XXV. FOUCHÉ ET LE DUC WELLINGTON.

Nota. En réimprimant la lettre attribuée à M. Fouché, on a seulement voulu la rétablir dans son intégrité, et la purger des fautes littéraires et grammaticales qui altèrent cet écrit dans d'autres éditions. Quant aux principes, aux opinions, à l'exposé même des faits, on s'est bien gardé de s'en rendre garant.
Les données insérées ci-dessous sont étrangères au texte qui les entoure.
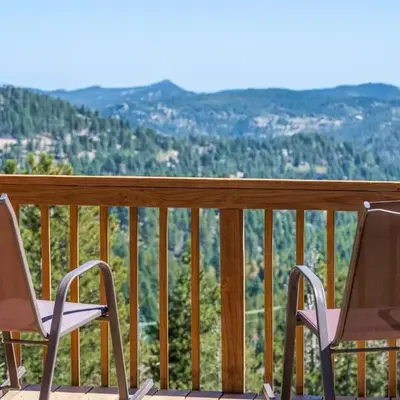5 Bedroom Whole Home with Mountain Views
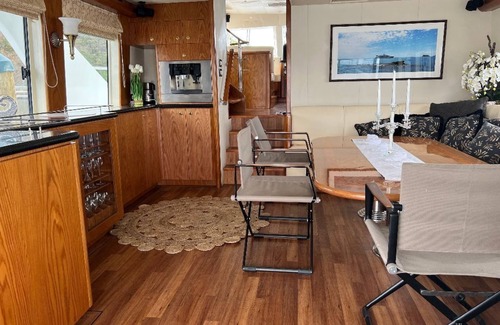 Lower Hutt Boat Rental | LUXERY LAUNCH (BERTHED)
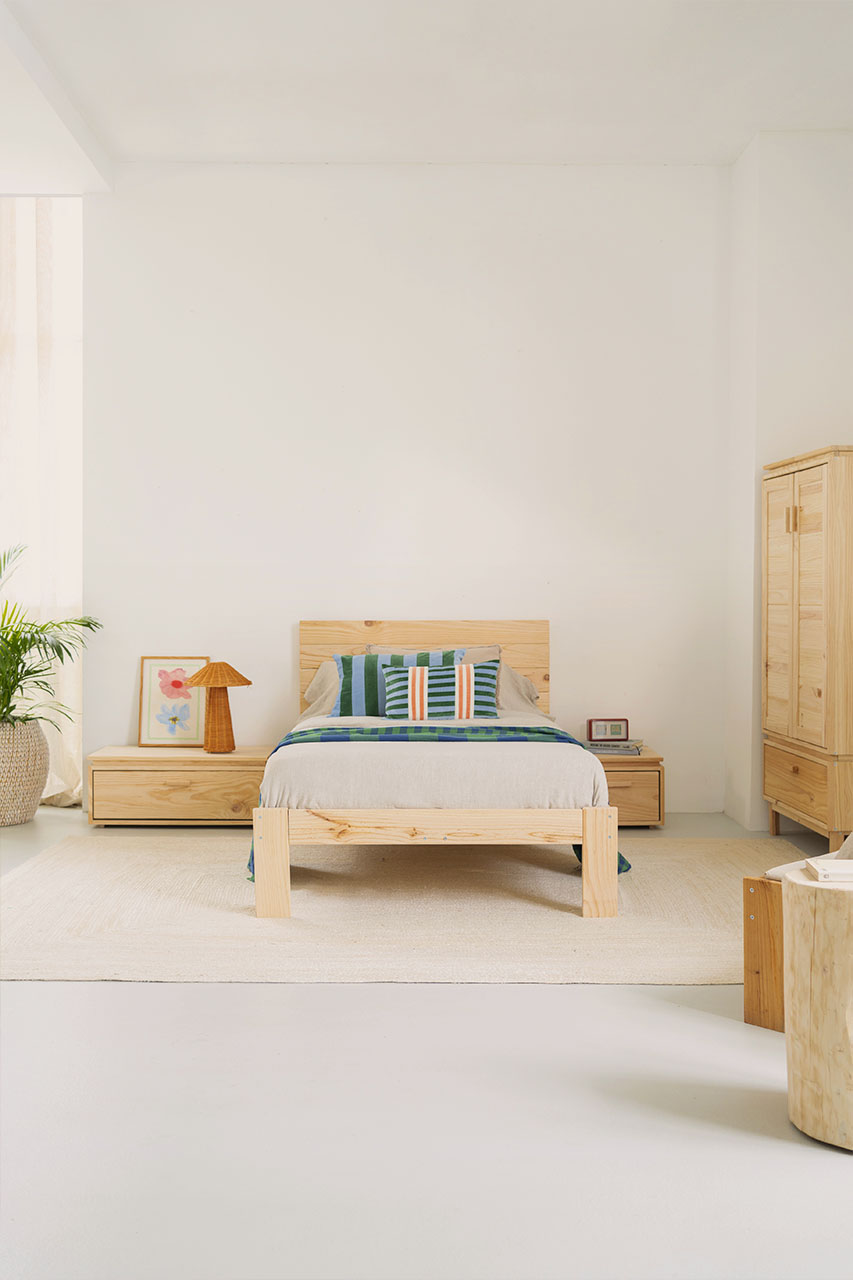 Imagen de ambiente 2 para:Cama individual de madera natural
On les recueille, on les expose, mais on ne les justifie pas.

(1) Si un étranger, qui n'aurait aucune idée de notre révolution, demandait quels sont ces principes et ces lois pour lesquels le peuple français a versé son sang depuis vingt-cinq ans, et que Fouché veut faire consacrer aux représentans, quelle serait sa surprise, en apprenant que ces prétendues lois, ouvrage informe d'une anarchie effrénée et d'un despotisme absolu, sont dès ce moment abolies par le même Fouché, grâces à ses intelligences secrètes avec les restaurateurs de l'ordre social !
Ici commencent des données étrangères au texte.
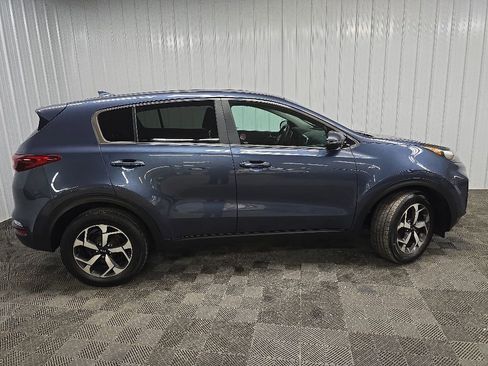 Used 2020 Kia Sportage LX w/ LX Popular Package AWD/4WD image 2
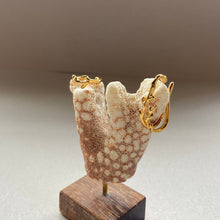 画像をギャラリービューアに読み込む, 🔹サージカルステンレス🔹ダブル珊瑚のイヤカフ/ゴールド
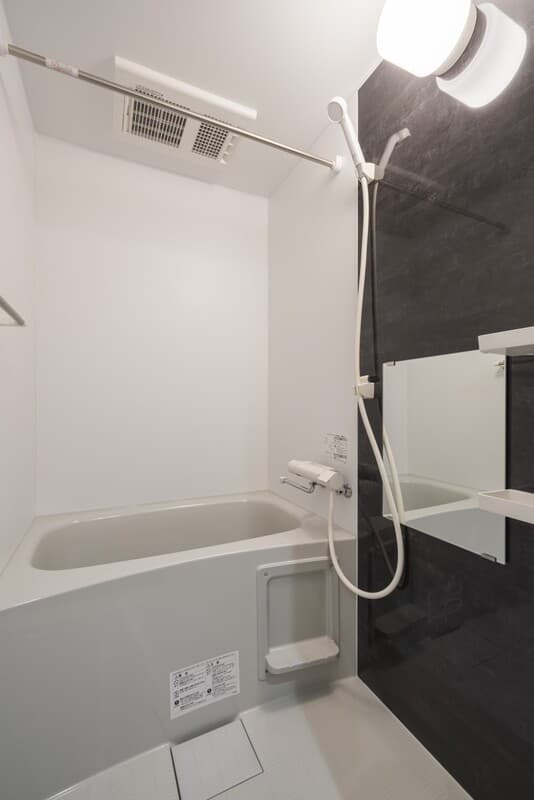 Room image 15
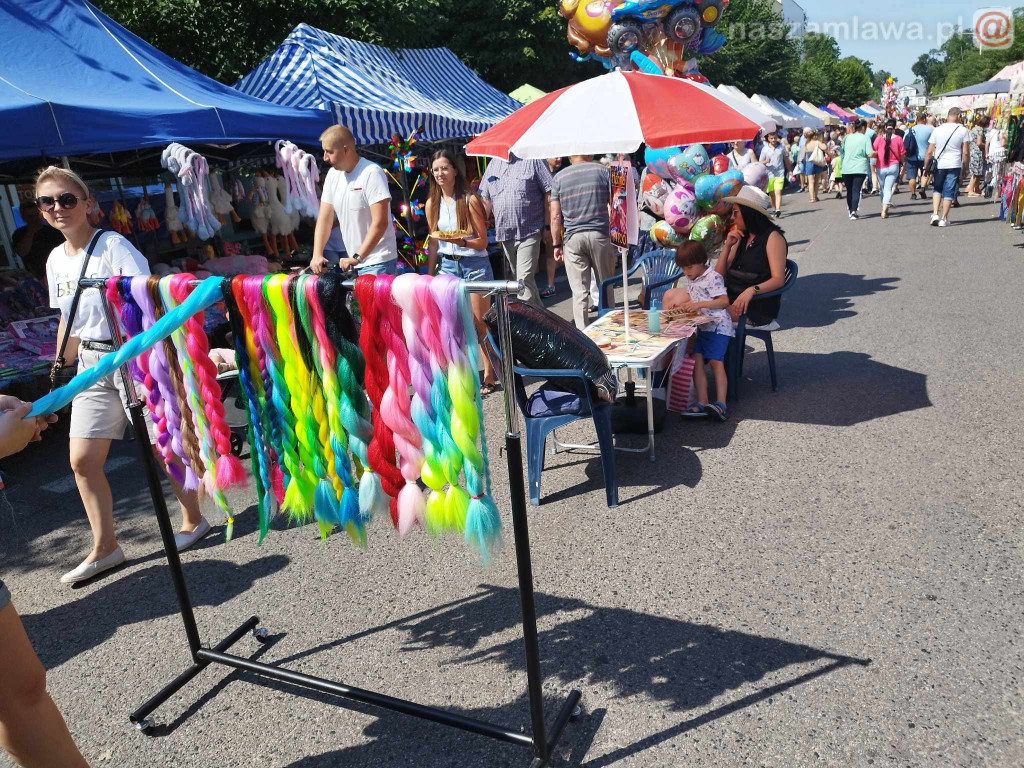 Mławski tort rozkrojony. Dni Mławy 2023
Un législateur de l'antiquité, célèbre par sa sagesse, Solon, étant parvenu à rétablir la tranquillité dans son pays, mit la paix publique et la réconciliation sous la garantie et la sauvegarde du ciel. C'est là, milord, l'exemple que je recommandais au roi de France.
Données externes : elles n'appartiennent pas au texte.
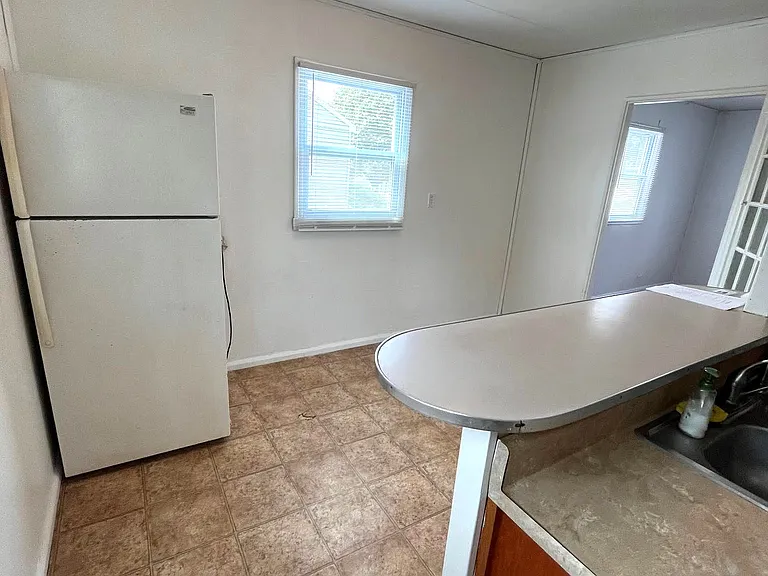1620 Melrose Dr — Photo 7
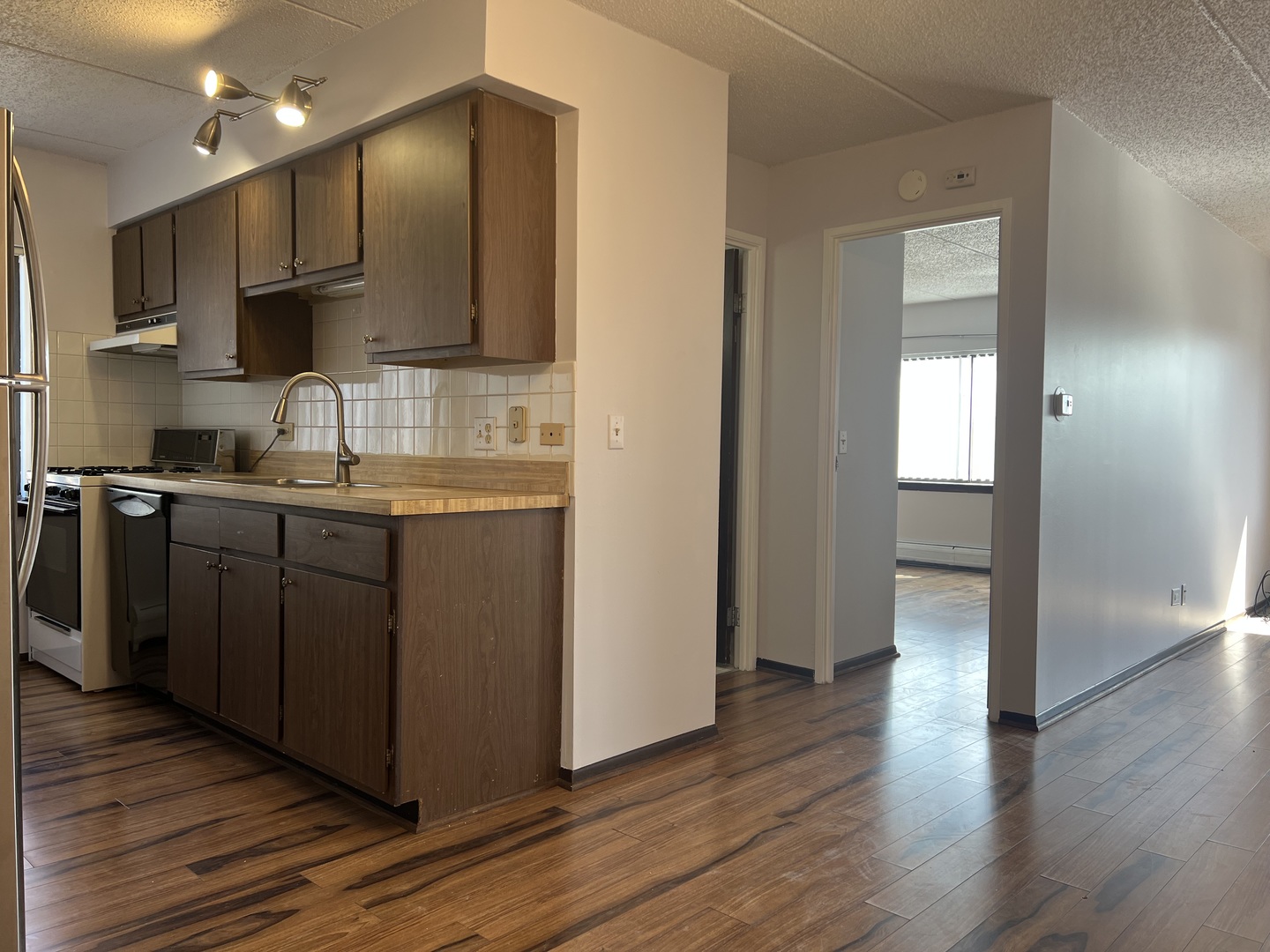 Des Plaines, IL 60016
J'interpelle votre témoignage, d'autant plus important qu'il a pour garantie votre gloire et votre caractère. Les maux étaient grands, il ne fallait pas se tromper dans le choix des remèdes. Notre existence sociale et notre bien-être en dépendaient; mais ma voix fut étouffée par celle des passions. Les conseils de la modération furent interprétés comme autant de piéges, et les insensés calomnièrent mon ministère sous la république, sous Napoléon et sous Louis XVIII.

Je ne voudrais pas ennuyer le public du récit d'une longue et pénible administration, si elle ne tenait pas étroitement à des fins dont la vérité mérite d'être connue. Je les rapporterai avec ordre, et les présenterai dans leur clarté, car plusieurs ont été mal interprétés, et d'autres sont restés entièrement inconnus. J'indiquerai les véritables causes de tant d'événemens passés sous nos yeux; je découvrirai les ressorts les plus secrets des passions qui les ont amenés; je répandrai la clarté sur les révolutions successives qui changèrent une vieille monarchie en

république, et la république en un empire; dont on fit enfin le royaume des Bourbons.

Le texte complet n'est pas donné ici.